Monday, December 29, 2014

Recipe: Spinach and Ham Spaghetti

Spaghetti is my favourite sort of pasta, is this is one of my favourite pasta dishes. Spaghetti in a creamy sauce, flavoured with rich spinach, sweet honey roast ham, and topped with delicious tangy camberzola cheese. If you haven't heard of camberzola, it is possibly the best cheese ever invented, it's a cross between camembert and gorgonzola- a perfect combination of soft and blue cheese. If you've never tried it, cart yourself off to a major supermarket or cheesemongers now!!!

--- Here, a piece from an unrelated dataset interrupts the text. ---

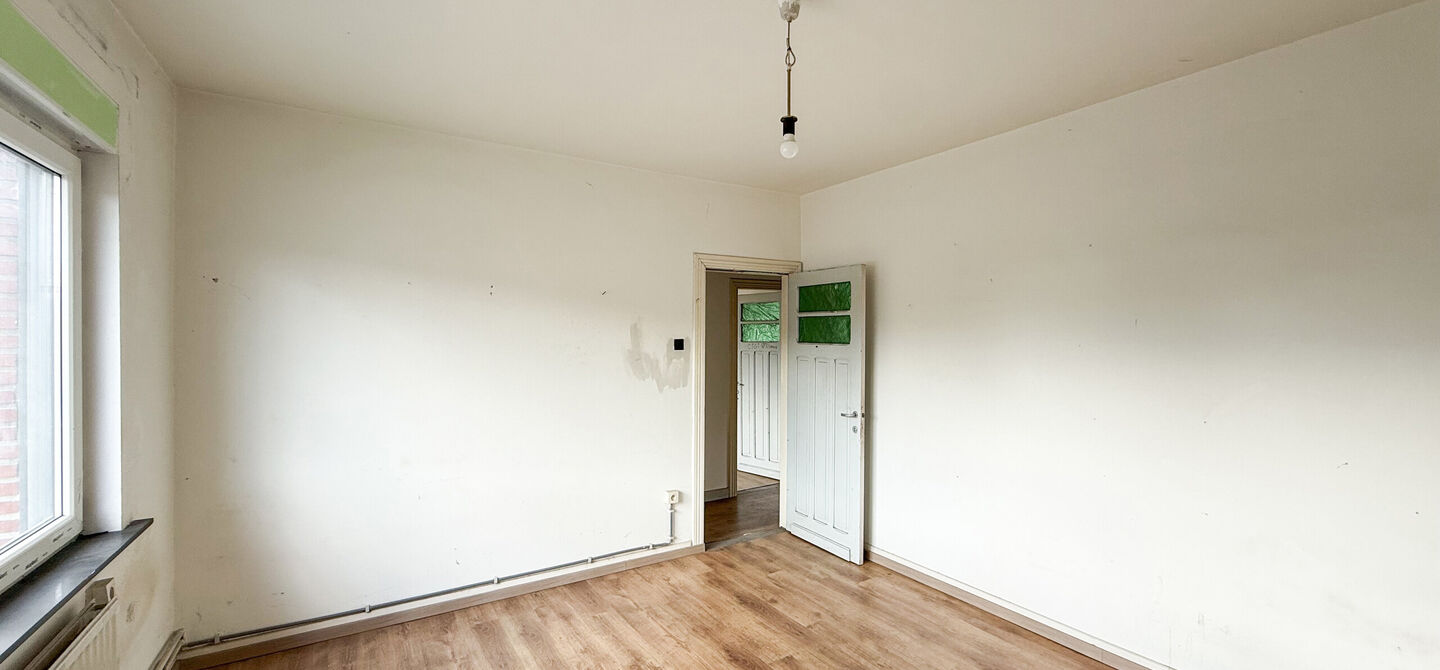 Bij ImmoFusion 7/7 “open huis” : klik op onze 3D-TOUR.
Ervaar vastgoed alsof je er zelf doorloopt!
Bent u op zoek naar een eigendom waar wonen en werken perfect gecombineerd kunnen worden? Dan is deze veelzijdige handelswoning aan de Koolmijnlaan 384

Spinach and Ham Spaghetti (serves 2)

20g butter
½ small white onion, finely diced
3 cloves garlic, crushed
½ tsp mixed herbs
1 tbsp fresh parsley, finely chopped
120g mushrooms, sliced
300ml buttermilk
100ml strong chicken stock
80g frozen peas
160g honey roasted wafer thin ham, diced
200g spaghetti
200g baby spinach
Salt and pepper to taste
80g camberzola, diced finely

1)      Fry the onion, garlic, mixed herbs, parsley, and mushrooms in the butter for 10 minutes. Meanwhile, bring a large pan of salted water to the boil. Add the buttermilk, and chicken stock, and cook on a high heat for a further 5 minutes.
2)      Cook the spaghetti according to the packet instructions. Add the peas and ham to the sauce and cook for a further 5 minutes. Add the spinach and cook for a final 4 minutes. Season to taste.
3)      Drain the spaghetti, return to the pan and add the sauce. Return to the heat and stir until all the ingredients are well combined and the spaghetti has soaked up the sauce. Serve, topped with the diced camberzola.